Félix Morales Prado. Tuvo su arribo algo de la wagneriana belleza trágica del estrago, de doloroso canto del cisne. Y aunque muchos la vieron con la lógica curiosidad y la ilusión festiva por lo nuevo y supuestamente mejor, unos pocos también detectaron entre el ruido de las excavadoras y las apisonadoras y la visión de la cinta de alquitrán que avanzaba, los latidos del corazón del drama de la vida moderna.
No recuerdo cuánto tiempo tardó. Primero, sólo fue aviso. La iban a construir, se rumoraba. Luego, se decía que ya iba por el Portil; tiempo después, que estaba a la altura de la Ermita de la Cruz, donde montaría su venta el Calé. Seguidamente, que por la Vieja Guardia. Y, así, el proceso se dilata en mi memoria hasta que me veo cerca de la Peña, el hotel de los ingleses para solteros, jugando en los montículos grandes y mullidos que los buldóceres levantaban al abrir camino a la serpiente de asfalto. Me gustaba, aprovechando su molicie casi de polvo, tirarme desde lo alto de aquellas dunas artificiales de cinco o seis metros como si de arrojarse al agua se tratara y resbalar por ellas de arriba abajo una y otra vez. No vi, enterrada, una botella rota, verdadera daga que me amenazaba oculta en la tierra. Se me clavó en la pierna. Podría haber sido en el vientre o en el pecho. Mucho tiempo tuve la cicatriz. Las máquinas también sacaron a la luz raíces de retamas que los jóvenes trenzaban y pintaban con tintas de colores para hacer pulseras a sus novias.
No sólo mudaron totalmente las comunicaciones sino también el paisaje y el aspecto de Punta Umbría. De ser un pueblo con todas sus calles de arena, pasó a formar parte, otro más, del universo del asfalto. Y los cambios urbanísticos, tantos de ellos disparatados, destructivos, se sucedieron como en efecto dominó, nunca mejor dicho. Aunque no ocurrió de pronto. Al principio, avanzando a trechos, la pista negra llegó hasta la Ría, junto a la casa de Matías López, muy parecida a las de los ingleses. El resto seguía como antes; los coches no podían circular a no ser que fuesen todoterrenos. Pero algunos se empeñaban. Y se quedaban atascados. Se convirtió en escena habitual la del vehículo atorado en el suelo, acelerado y con la rueda resbalando en la tierra blanda, girando loca para conseguir solamente hundirse más y más. Los autóctonos llegaron a ser, a fuerza de contemplar el mismo caso una vez y otra, expertos en sacar incautos del atolladero. Cuando el visitante, desesperado y sudando, trataba inútilmente de salir del apuro, llegaba un lugareño y comenzaba a darle consejos. Era cuestión de poner unos cartones bajo las ruedas. ¡Busquen cartones! Aquí o allá se buscaban cartones que resultaban no servir para nada. Más y más gente se iba agolpando alrededor. Llegaba otro especialista. No, no; lo que tiene usted que hacer es enderezar las ruedas y meter tercera. Y vosotros no miréis tanto. ¡A empujar! Tras muchos y variopintos ensayos, el auto salía, sin que se supiera cómo ni por qué, entre expresiones de consuelo de la víctima, gestos de gratitud a los asistentes y promesas al viento de no volver a salirse del firme.

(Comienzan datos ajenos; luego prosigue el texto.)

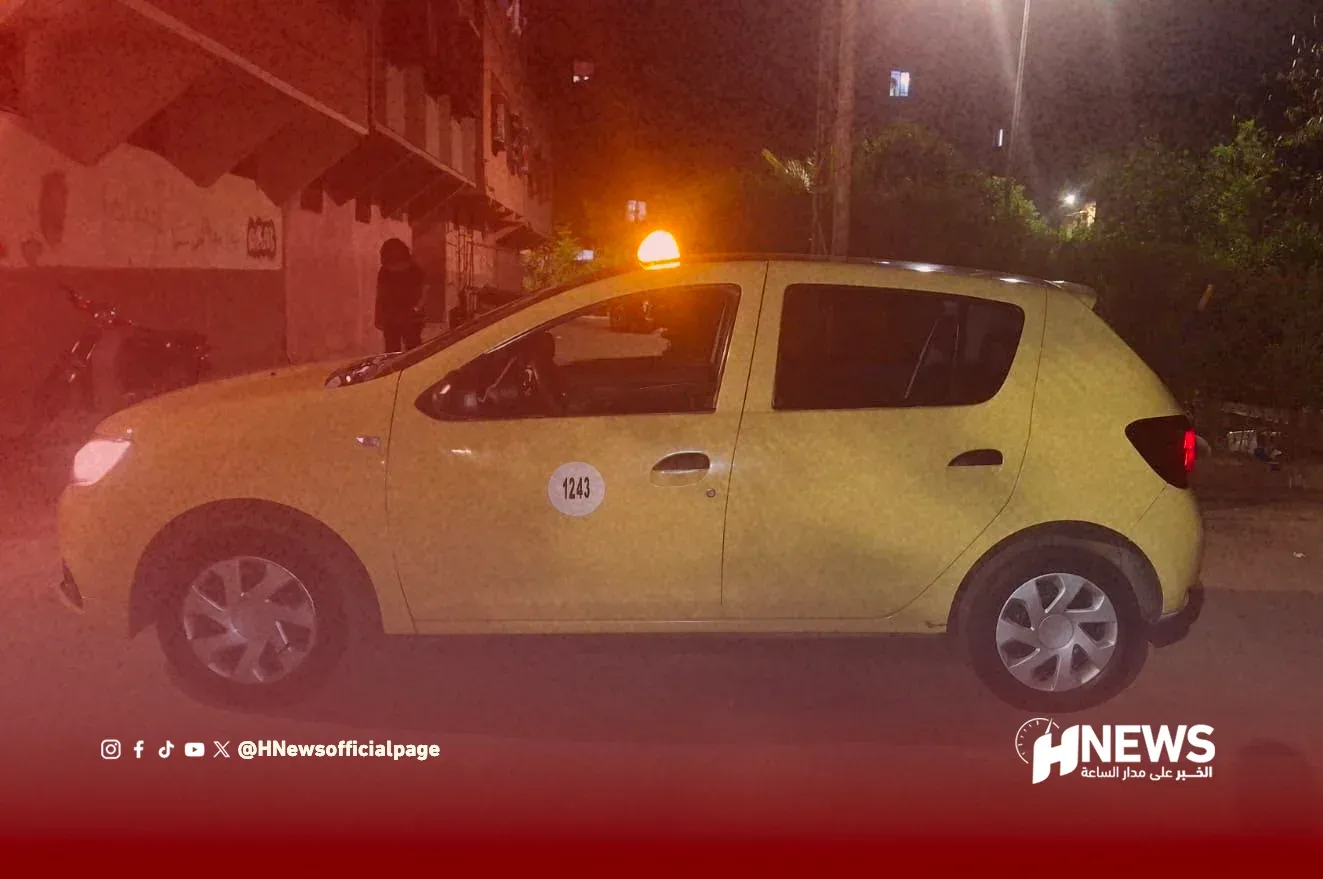 Intensive Security Measures in Marrakech Following Taxi Theft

En una ocasión, un amigo y yo estábamos en la calle del Cerrito, frente a Villa Buenos Aires. Un coche se había quedado atascado. El conductor cavaba con agobio bajo los bajos, nos miraba con cara disimuladamente suplicante y nosotros no sabíamos lo que hacer para ayudarle. Así que, como se acostumbra en nuestro país, allí estábamos de pie viendo desarrollarse los acontecimientos. De una esquina, caminando muy rápido, con evidentes prisas, llegó casualmente uno que sí entendía del asunto. Tanto que fue de los primeros en montar un taller de automoción en el pueblo. Echó un vistazo, se puso al volante, lo enderezó, arrancó, cambió la marcha y, antes de que nos diésemos cuenta, el automóvil estaba fuera y el buen samaritano había seguido su camino andando con la misma prisa que traía. El afectado, suspiros de alivio, sacó un billete de cien pesetas y se lo dio a mi amigo, que se quedó mudo, mirándome y mirando el dinero. El conductor, antes de que acertásemos a decir nada, aceleraba con prisa y sin pausa hacia terrenos más sólidos. Nos encogimos de hombros, nos fuimos al Bar Julián y pedimos unas cervezas.

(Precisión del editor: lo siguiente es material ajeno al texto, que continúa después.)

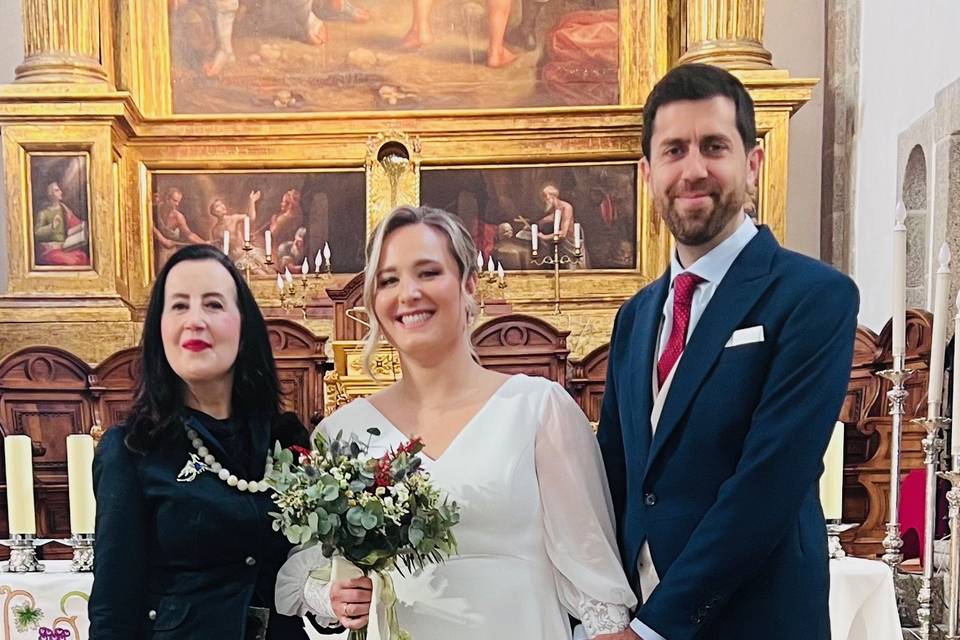Boda de Marta y Sergio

Pudimos por primera vez montar en bicicleta, sin limitarnos, a veces haciendo equilibrios incómodos, a las aceras, la Calle San Francisco Javier, la Plaza o la marea baja. La marea baja. Esa sí que era una estampa poética propia de Punta Umbría: el ciclista recortado contra un fondo de olas rodando por el suelo muy fugazmente duro de la bajamar hacia el sol poniente. Como fotograma de Fellini. Imagen que se perdería para ganar la posibilidad de pedalear mucho más rápido por el asfalto, hasta la Vieja Guardia, El Calé o El Portil. Asfalto que iba a extenderse, año tras año, por todas las calles del pueblo al igual que un progreso mal entendido que acabaría con zonas y edificios fundamentales para la esencia, para el espíritu, del sitio.

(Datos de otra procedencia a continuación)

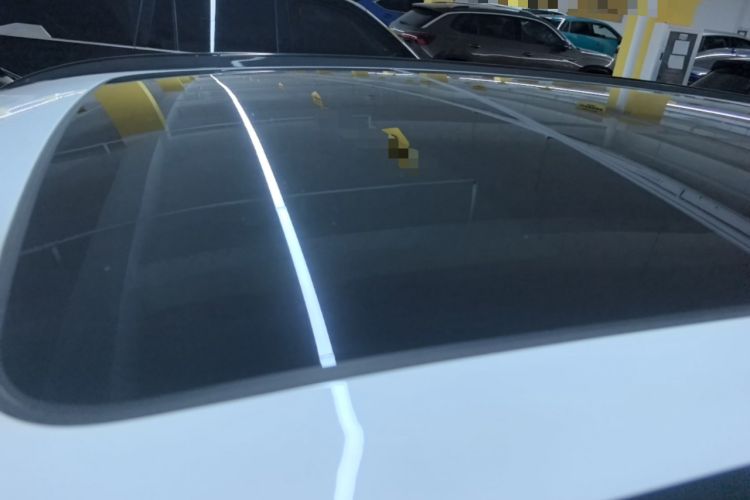 Used Geely Auto Emgrand X7 Sport 2021 1.8TD DCT Two-Wheel Drive Asian Games Edition Roof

Sucedió a mediados de los años sesenta del siglo veinte, coincidiendo con el auge del Seat 600 o Seíta, reflejo del desarrollismo franquista del momento, época de relativo respiro financiero que, como en todos sitios, se plasmó en este pueblo de la costa. Prólogo de un tiempo de cambio, fue (luces y sombras) el inicio de una metamorfosis a mi juicio fallida porque arrasó con mucha belleza, porque dio paso a la Nada que en “La historia interminable” devora el país de Fantasía. La carretera supuso, en fin, para Punta, después de larga espera, lo mismo que aquel “…inocente tren amarillo que tantas incertidumbres y evidencias, y tantos halagos y desventuras, y tantos cambios, calamidades y nostalgias había de llevar a Macondo” (Cien años de soledad). Ya el cura, agorero, profetizó que sería la perdición del lugar, que con ella dejaría de ser el paraíso que era. No sé muy bien a qué se refería el mexicano, si bien me lo imagino; pero, se refiriera a lo que se refiriera, algo de eso pasó. Y aunque también implicó progreso y bienestar económico, esto no tenía por qué conllevar lo otro. Se trataba de saber hacerlo bien, de arreglar lo que había que arreglar sin dejarse arrastrar por la codicia, respetando lo que había que respetar. En definitiva, de hacerlo sin matar a la gallina de los huevos de oro ni, sobre todo, el alma del pueblo. Y no supieron. O no quisieron. A fe que no.